Today is the Fourth of July, and the 236th time that this date has had a contextual meaning that makes it remarkable. It’s the anniversary of when the game changed, and the end of an age of Kings and Emperors. Today is when a continent’s worth of people crack open a beer, char meat over a fire, and detonate small explosives to celebrate this distant event. It’s also a day when we should consider what has gone before, and remind ourselves that tomorrow will always be better than today.

That’s the American Way, and such optimism is the reason why history has never seen anything like the United States.

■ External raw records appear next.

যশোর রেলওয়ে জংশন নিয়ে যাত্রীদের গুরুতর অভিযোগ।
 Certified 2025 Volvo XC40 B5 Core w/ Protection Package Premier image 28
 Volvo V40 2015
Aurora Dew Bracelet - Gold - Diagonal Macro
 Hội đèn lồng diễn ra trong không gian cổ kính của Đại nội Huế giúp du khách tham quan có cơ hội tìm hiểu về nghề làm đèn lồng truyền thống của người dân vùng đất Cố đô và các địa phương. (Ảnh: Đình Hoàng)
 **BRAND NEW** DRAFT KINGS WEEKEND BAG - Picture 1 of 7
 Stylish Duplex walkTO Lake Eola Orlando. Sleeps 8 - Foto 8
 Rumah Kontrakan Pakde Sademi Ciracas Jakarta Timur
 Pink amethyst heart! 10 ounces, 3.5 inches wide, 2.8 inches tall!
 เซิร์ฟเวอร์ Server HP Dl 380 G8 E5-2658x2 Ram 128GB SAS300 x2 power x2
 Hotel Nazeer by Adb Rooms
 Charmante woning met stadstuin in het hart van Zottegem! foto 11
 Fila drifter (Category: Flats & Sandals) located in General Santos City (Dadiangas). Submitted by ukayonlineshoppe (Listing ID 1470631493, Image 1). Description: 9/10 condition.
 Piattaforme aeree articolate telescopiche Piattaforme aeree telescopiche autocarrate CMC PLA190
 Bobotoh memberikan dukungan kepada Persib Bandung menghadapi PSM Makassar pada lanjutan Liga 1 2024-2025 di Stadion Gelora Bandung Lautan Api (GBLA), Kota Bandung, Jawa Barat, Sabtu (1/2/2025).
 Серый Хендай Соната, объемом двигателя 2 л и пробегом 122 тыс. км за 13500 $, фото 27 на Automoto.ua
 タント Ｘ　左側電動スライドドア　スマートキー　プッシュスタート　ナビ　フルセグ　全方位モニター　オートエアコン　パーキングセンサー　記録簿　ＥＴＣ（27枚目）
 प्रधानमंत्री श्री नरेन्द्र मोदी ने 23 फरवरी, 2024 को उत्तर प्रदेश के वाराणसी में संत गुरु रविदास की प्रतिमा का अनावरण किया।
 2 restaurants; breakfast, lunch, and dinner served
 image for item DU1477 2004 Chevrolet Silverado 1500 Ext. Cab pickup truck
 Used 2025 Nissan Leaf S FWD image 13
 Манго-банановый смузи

from Thomas Paine’s “Common Sense“, courtesy wikisource

We ought to reflect, that there are three different ways, by which an independancy may hereafter be effected; and that one of those three, will one day or other, be the fate of America, viz. By the legal voice of the people in Congress; by a military power; or by a mob: It may not always happen that our soldiers are citizens, and the multitude a body of reasonable men; virtue, as I have already remarked, is not hereditary, neither is it perpetual. Should an independancy be brought about by the first of those means, we have every opportunity and every encouragement before us, to form the noblest purest constitution on the face of the earth. We have it in our power to begin the world over again. A situation, similar to the present, hath not happened since the days of Noah until now. The birthday of a new world is at hand, and a race of men, perhaps as numerous as all Europe contains, are to receive their portion of freedom from the event of a few months. The Reflexion is awful— and in this point of view, How trifling, how ridiculous, do the little, paltry cavellings, of a few weak or interested men appear, when weighed against the business of a world.